The evidence shows that proponent, already twice the beneficiary in as many separate wills, when he asked the testator for an order to take his body from the penitentiary, suggested that he also state what disposition was to be made of his property. What else could be expected but that proponent should be again named as beneficiary, if Fisher had sufficient mental capacity to recall his former devises? If he did not have, how natural would it be for him to do the thing which would most likely insure the gratification of his last wish that he be buried by the side of his parents. The mere suggestion of proponent, at a time when he had in his possession the will of June 7, 1917, that Fisher should again state what disposition should be made of his property, is indicative of his expectation that Fisher would name him as the recipient of this property. How Fisher came to make the first will to his attorneys is not explained, and why proponent when he went to McAlester on June 7, 1917, carried with him a will prepared for execution making himself and his law partner sole beneficiaries is also not explained by any testimony offered in the record.
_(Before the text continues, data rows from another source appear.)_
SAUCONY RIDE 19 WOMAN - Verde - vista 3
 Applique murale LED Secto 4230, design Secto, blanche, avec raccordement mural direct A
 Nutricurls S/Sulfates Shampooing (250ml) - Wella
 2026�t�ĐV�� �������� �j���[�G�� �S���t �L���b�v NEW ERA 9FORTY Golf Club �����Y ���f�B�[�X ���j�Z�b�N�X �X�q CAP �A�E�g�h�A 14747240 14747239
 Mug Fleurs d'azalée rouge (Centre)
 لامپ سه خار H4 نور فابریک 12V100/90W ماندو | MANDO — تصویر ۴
While mere suggestions or requests of disinterested parties to a person about to make a will would not constitute undue influence, the slightest suggestion of one bearing a confidential relation, such as attorney to a testator, and especially where the attorney is the beneficiary of the will, might constitute undue influence. At any rate, the burden would be on the attorney to prove that it was not undue influence, and this burden would not be discharged by a mere denial. Here the only witness to the alleged will is a convict, shown to be under obligation to the proponent and attorneys associated with him, and he cannot, therefore, be said to be a strictly disinterested witness. Nor is it necessary that the undue influence be exerted at the time of or immediately prior to the execution of the will. If the undue influence has once been exerted, it will be presumed to follow and taint every transaction between the parties thereafter, and such presumption of undue influence should be rebutted by disinterested witnesses.
In transactions inter vivos, where one stands in the confidential relation of attorney to another, if the attorney receives benefits during the existence of such relation, a presumption of law arises that t he benefits were the result of undue influence and testamentary dispositions of property the rule as to the legal presumption of undue influence is the same as in dispositions inter vivos, except that the attorney standing in confidential relation to the testator and receiving benefits under the will must be shown to have in some way actively participated in the preparation of the will or the disposition of the property. When the legal presumption of undue influence has arisen by showing confidential relations, whether in dispositions of property inter vivos or by will, the burden of proof is upon the party seeking to take the benefit of such disposition to rebut the presumption attaching thereto by showing either a severance of the confidential relations, or that the party making the disposition had competent and independent advise in regard thereto. Gidney. v. Chappel, supra; McQueen v. Wilson (Ala.) 31 So. 94.
In Scattergood v. Kirk (Pa.) 43 A. 1030, it was held:
"Where testatrix, when 78 years old, made a will in which S., a cousin, was not a beneficiary, and, nine years after, S., through a tenant of the testatrix with whom testatrix was living, became an inmate of the house, and almost immediately assumed control of the house, attached herself to the person of testatrix, took charge of her money, became her companion and confident, and her adviser in affairs other than legal, soon went to her lawyer and had him draw a will for testatrix giving her half of the estate, and a month later had him draw a codicil giving it all to her, and there was evidence that testatrix was not exempt from the mental infirmities of extreme old age, and that she and the witnesses were not informed what they were signing, and that S. soon after entering declared that she meant to have everything, there is a presumption of undue influence; and the court should have charged that it was incumbent on S to show a affirmatively that testatrix had advice independent of any from S., and that she had a full understanding of the papers."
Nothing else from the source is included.